Work request: The required output is the exact run of lines in the listing below from the line holding "Used 2011 Audi R8 V8 image 12" through the line holding "Achat maison à", with no pictures.
*** Opening Data for processing ***
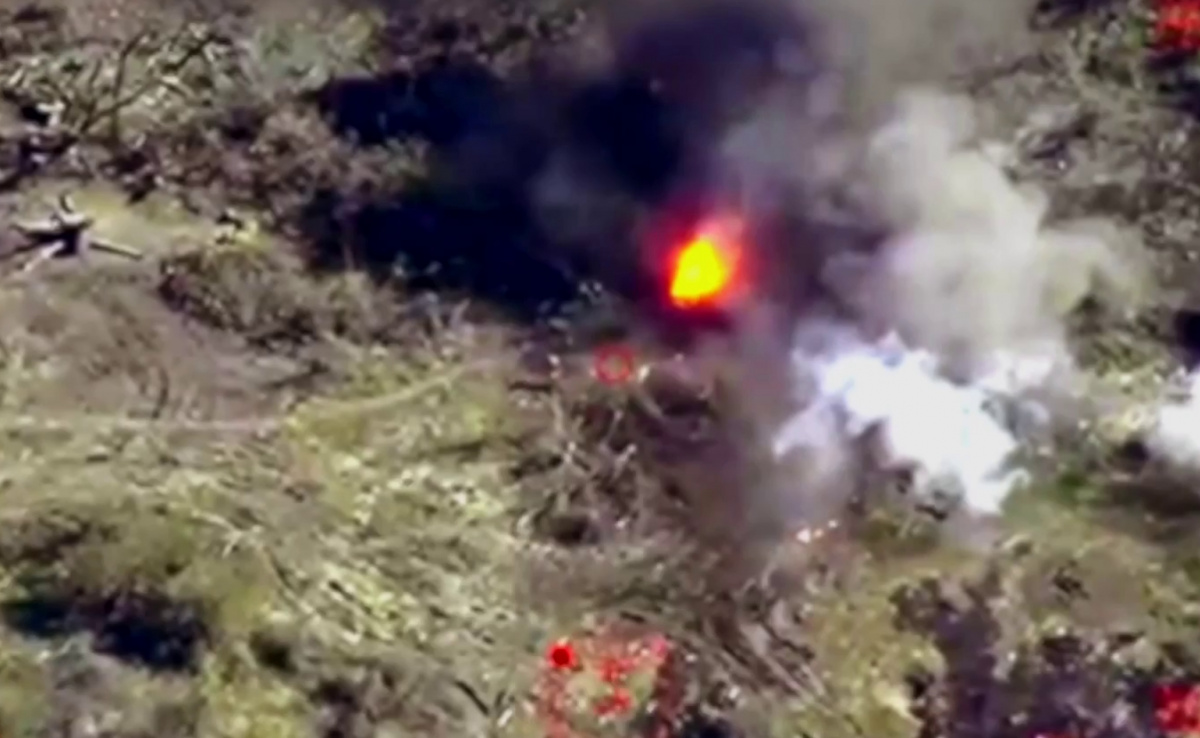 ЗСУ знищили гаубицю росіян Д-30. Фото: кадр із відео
*** Closing Data for processing ***
*** Opening Data for processing ***
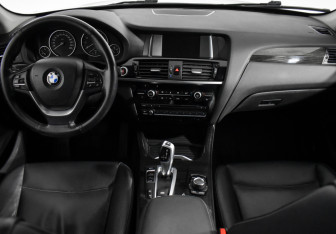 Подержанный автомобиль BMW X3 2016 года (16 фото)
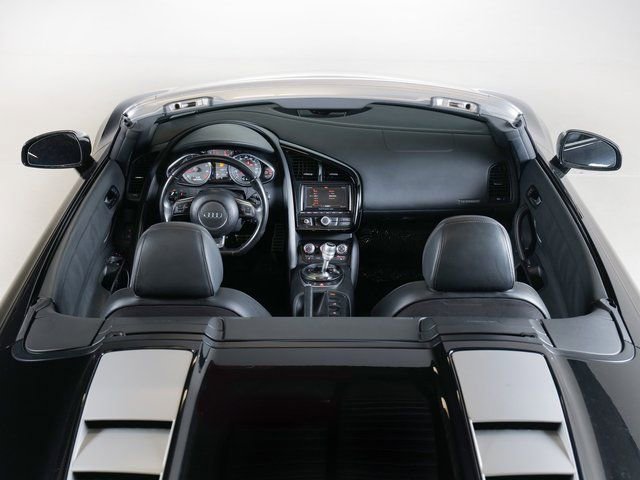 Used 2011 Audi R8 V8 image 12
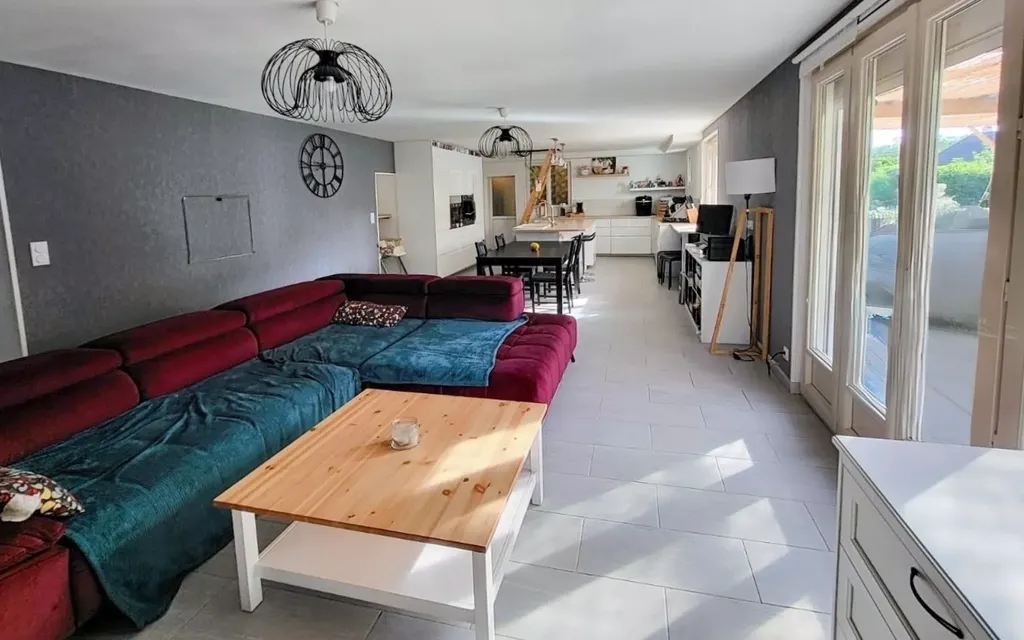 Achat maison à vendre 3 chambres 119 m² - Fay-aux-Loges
*** Closing Data for processing ***
The answer:
 Used 2011 Audi R8 V8 image 12
 Achat maison à vendre 3 chambres 119 m² - Fay-aux-Loges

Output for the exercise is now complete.